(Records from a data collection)

________________

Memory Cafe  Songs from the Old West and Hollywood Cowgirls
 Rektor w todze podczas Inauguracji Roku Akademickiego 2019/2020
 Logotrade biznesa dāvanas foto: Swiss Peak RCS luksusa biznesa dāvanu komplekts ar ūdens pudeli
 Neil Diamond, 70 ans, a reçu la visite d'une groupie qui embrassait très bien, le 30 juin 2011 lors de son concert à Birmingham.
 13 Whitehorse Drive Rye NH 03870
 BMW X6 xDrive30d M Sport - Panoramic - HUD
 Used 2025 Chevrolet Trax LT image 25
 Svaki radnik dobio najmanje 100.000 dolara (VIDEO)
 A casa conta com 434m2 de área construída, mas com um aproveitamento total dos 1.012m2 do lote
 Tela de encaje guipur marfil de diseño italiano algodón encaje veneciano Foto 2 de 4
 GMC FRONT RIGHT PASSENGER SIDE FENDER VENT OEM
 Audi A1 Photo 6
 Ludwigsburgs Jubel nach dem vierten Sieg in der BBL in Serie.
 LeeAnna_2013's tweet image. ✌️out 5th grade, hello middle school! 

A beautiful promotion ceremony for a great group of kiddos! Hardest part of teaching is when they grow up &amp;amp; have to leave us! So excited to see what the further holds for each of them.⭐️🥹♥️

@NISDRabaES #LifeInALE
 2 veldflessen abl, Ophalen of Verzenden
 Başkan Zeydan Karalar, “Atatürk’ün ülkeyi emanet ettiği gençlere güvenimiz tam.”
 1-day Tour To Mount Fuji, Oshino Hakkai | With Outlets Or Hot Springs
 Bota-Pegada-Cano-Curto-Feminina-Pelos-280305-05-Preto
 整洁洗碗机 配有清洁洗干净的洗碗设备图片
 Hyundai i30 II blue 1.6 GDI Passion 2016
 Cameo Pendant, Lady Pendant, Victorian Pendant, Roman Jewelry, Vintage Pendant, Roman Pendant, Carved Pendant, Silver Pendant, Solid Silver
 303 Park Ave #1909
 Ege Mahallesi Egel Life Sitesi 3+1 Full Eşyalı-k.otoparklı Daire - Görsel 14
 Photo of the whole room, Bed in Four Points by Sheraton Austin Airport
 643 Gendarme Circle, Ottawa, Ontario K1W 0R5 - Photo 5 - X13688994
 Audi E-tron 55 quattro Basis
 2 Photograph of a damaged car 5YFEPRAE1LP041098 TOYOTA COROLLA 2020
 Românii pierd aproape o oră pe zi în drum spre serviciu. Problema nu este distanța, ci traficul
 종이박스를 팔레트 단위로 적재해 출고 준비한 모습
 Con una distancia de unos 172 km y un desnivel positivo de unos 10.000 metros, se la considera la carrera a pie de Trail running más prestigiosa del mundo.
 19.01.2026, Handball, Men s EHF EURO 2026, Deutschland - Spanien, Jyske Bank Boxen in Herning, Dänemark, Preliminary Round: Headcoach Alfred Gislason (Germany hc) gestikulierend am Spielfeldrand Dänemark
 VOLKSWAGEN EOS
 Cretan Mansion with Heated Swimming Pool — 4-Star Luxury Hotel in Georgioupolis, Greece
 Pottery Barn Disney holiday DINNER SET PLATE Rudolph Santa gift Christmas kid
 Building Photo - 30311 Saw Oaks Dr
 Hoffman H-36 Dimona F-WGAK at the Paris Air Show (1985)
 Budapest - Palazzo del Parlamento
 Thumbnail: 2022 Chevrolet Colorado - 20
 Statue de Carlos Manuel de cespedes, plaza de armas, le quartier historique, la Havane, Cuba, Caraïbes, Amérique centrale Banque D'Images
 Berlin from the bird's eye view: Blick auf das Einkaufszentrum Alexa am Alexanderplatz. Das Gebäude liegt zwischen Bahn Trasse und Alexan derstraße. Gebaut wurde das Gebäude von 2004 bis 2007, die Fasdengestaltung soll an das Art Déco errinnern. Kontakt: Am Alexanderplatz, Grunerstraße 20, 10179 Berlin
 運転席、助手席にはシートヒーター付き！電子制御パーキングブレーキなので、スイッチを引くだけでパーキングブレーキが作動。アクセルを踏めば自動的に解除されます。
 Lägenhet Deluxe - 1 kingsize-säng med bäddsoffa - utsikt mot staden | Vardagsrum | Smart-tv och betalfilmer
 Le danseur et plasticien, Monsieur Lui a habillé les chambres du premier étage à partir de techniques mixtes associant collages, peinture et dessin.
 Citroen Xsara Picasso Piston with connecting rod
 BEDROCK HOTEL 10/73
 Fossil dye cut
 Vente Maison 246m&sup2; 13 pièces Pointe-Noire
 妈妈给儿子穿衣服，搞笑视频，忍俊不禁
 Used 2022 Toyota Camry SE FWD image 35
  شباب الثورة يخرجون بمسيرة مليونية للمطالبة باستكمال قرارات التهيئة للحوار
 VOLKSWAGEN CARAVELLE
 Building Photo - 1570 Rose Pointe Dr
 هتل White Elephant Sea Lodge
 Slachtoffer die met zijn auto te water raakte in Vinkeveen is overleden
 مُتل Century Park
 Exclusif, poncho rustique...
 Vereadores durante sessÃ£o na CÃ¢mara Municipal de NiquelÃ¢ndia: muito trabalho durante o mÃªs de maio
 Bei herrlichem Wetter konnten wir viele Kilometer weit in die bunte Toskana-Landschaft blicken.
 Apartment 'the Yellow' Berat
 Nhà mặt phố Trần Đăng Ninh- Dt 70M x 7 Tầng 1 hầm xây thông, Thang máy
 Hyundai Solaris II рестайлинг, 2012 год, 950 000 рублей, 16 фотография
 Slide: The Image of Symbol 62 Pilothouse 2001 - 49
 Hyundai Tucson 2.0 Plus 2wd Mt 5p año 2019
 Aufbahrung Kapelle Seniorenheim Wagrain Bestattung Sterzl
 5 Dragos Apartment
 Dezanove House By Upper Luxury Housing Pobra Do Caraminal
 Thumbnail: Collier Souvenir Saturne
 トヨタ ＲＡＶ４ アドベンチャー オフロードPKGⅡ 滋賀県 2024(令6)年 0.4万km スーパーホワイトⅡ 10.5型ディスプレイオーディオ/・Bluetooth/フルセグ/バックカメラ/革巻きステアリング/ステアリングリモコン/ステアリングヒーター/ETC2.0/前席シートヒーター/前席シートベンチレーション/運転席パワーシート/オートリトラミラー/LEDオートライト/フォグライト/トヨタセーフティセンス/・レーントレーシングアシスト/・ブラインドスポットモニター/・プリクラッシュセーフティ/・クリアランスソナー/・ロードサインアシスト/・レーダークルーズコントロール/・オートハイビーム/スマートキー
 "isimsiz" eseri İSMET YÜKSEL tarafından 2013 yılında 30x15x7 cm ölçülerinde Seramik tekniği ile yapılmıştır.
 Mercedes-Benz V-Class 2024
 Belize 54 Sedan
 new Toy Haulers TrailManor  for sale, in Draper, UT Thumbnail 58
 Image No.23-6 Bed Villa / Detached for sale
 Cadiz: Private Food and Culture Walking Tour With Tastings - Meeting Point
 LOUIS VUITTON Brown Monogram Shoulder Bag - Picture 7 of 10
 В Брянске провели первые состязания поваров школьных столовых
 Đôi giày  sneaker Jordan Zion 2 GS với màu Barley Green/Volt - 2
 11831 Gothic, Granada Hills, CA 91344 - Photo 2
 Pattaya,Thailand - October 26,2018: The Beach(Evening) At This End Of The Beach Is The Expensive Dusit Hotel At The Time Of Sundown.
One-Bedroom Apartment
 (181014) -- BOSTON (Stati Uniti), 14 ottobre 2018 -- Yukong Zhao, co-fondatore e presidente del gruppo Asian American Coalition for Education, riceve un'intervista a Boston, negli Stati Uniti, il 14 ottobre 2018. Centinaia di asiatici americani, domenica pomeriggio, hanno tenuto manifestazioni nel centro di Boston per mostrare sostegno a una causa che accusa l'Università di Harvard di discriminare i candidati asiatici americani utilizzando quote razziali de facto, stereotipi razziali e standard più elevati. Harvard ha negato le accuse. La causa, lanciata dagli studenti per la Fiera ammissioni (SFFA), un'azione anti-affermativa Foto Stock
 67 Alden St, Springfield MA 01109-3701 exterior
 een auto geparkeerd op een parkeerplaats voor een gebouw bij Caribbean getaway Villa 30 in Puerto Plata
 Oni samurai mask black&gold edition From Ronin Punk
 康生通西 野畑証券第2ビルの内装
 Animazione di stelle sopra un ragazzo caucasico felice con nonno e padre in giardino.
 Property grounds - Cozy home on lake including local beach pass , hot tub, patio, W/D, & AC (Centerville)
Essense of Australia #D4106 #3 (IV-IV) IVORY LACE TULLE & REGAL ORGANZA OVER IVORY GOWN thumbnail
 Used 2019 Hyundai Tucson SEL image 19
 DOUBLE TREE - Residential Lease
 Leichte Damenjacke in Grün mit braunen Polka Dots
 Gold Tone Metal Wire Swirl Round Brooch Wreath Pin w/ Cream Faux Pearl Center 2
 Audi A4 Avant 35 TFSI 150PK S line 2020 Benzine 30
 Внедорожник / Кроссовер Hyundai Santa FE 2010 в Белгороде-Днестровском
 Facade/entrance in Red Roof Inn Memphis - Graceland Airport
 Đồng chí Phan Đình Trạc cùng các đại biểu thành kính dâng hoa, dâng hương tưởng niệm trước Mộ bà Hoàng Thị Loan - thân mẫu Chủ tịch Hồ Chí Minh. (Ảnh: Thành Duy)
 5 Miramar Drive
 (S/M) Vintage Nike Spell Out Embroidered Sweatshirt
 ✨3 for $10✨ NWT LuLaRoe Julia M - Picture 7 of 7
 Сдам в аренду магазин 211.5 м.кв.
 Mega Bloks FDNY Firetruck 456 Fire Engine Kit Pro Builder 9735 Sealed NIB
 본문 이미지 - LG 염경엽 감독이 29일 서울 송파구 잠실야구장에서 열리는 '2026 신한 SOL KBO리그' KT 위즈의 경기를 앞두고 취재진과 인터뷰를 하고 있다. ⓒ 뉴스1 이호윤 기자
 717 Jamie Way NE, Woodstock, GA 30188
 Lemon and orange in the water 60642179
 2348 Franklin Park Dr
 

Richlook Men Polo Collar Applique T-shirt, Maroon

________________

§ **Task item**: Among the entries above, the lines between the ones containing "tekniği ile yapılmıştır." and "В Брянске провели", inclusive, are to be transcribed exactly. No other line is to be given.

§ **Solution to this problem**:
 "isimsiz" eseri İSMET YÜKSEL tarafından 2013 yılında 30x15x7 cm ölçülerinde Seramik tekniği ile yapılmıştır.
 Mercedes-Benz V-Class 2024
 Belize 54 Sedan
 new Toy Haulers TrailManor  for sale, in Draper, UT Thumbnail 58
 Image No.23-6 Bed Villa / Detached for sale
 Cadiz: Private Food and Culture Walking Tour With Tastings - Meeting Point
 LOUIS VUITTON Brown Monogram Shoulder Bag - Picture 7 of 10
 В Брянске провели первые состязания поваров школьных столовых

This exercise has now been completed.